Titolo: Uomini di Dio
Genere: Drammatico
Origine/Anno: Francia – 2010
Regia: Xavier Beauvois
Sceneggiatura: Xavier Beauvois, Etienne Comar
Interpreti: Lambert Wilson, Jacques Herlin, Philippe
Laudenbach, Michael Lonsdale, Jean-Marie Frin
Montaggio: Marie-Julie Maille
Scenografia: Michel Barthelemy
Fotografia: Caroline Champetier
Giudizio: 8
Trama: in un villaggio algerino sorge un convento di monaci cristiani, perfettamente integrato con la comunità locale. La quiete del villaggio viene però turbata da fatti di sangue compiuti da integralisti islamici, che mettono a repentaglio anche la sicurezza dei monaci. Questi ultimi si interrogano allora sul da farsi: andarsene o rimanere al convento rischiando di essere uccisi? Sceglieranno di rimanere.
Recensione – Film importante e difficile; materia delicata e quanto mai attuale, maneggiata con cautela e senza inciampi da Beauvois.
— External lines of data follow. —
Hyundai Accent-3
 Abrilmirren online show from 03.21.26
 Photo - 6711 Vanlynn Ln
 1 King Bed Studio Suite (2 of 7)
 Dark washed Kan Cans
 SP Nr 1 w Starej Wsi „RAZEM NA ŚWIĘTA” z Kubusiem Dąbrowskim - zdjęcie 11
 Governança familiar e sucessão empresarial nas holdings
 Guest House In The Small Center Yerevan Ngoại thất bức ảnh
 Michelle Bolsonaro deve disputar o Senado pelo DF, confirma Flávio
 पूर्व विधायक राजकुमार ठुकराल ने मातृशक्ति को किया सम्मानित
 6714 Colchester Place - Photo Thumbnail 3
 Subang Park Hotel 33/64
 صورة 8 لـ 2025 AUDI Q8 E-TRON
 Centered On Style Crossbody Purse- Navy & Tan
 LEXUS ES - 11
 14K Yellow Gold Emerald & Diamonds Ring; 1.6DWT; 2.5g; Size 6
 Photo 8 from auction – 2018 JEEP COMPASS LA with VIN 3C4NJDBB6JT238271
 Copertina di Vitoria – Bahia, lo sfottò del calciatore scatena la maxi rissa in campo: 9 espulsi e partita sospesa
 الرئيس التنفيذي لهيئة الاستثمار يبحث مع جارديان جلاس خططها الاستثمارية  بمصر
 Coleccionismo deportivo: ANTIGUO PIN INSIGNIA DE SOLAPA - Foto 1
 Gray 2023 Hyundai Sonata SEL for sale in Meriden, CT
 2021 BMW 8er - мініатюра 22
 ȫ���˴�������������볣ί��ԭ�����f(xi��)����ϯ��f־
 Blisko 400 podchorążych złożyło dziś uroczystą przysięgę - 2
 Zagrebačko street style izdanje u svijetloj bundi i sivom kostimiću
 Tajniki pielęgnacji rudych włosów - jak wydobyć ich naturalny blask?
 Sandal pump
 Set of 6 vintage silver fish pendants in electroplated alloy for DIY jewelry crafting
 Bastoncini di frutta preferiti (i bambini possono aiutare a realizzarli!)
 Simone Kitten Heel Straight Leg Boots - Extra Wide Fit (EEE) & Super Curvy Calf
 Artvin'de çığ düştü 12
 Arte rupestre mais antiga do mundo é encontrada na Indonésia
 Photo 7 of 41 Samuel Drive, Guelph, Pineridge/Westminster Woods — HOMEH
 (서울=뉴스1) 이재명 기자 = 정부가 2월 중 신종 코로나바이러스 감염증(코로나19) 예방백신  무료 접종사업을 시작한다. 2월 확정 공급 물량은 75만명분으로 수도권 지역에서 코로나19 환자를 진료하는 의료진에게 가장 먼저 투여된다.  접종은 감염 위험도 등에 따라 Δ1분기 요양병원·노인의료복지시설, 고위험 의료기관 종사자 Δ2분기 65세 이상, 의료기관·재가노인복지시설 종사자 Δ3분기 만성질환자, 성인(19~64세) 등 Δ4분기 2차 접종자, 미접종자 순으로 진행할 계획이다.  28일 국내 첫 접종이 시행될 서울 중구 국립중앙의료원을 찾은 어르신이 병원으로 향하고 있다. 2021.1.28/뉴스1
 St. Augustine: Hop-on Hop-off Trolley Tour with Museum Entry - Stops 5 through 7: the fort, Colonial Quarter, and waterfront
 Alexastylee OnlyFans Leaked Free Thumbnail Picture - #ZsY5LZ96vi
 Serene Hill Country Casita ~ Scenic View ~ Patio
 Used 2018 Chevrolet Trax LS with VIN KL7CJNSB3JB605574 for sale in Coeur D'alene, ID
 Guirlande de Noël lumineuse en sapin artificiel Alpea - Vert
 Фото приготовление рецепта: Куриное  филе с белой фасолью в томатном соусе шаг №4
Film asciutto, lento, intimo; documento spietato dei crimini che possono essere compiuti in nome di una fantomatica fede religiosa ed al tempo stesso crudo ritratto del tormento spirituale che può derivare dalla fede stessa. Film complesso e composito che si snoda narrativamente attraverso una riflessione politica iniziale, sullo spaccato di una comunità abitata da persone di fede diversa ma perfettamente integrate tra loro, ed una riflessione religiosa, in cui si inserisce la vicenda umana dei monaci, che farà da sfondo alle fasi successive del film.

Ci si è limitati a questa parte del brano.